▶ _STORED DATA_
########
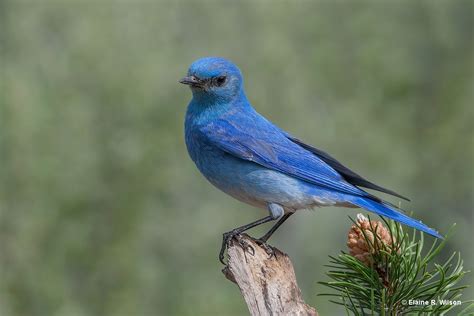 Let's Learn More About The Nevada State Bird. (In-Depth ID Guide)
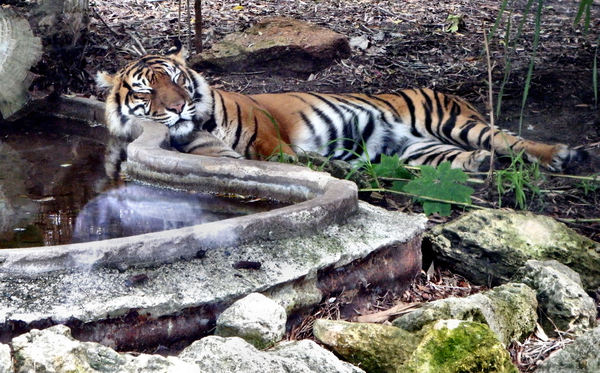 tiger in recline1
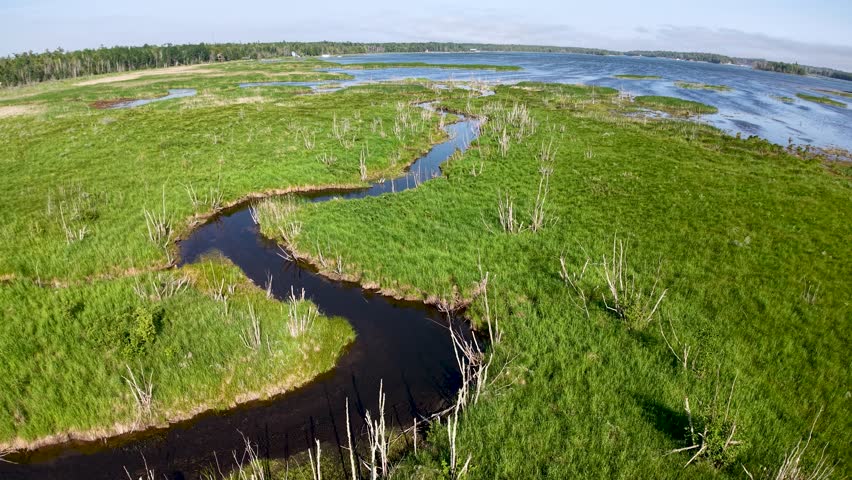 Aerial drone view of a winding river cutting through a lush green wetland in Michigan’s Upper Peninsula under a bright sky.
########
▶ _WHAT IS BEING ASKED_
Leave the images aside and retype each line of the listing above exactly.

▶ _EXERCISE RESPONSE_
 Let's Learn More About The Nevada State Bird. (In-Depth ID Guide)
 tiger in recline1
 Aerial drone view of a winding river cutting through a lush green wetland in Michigan’s Upper Peninsula under a bright sky.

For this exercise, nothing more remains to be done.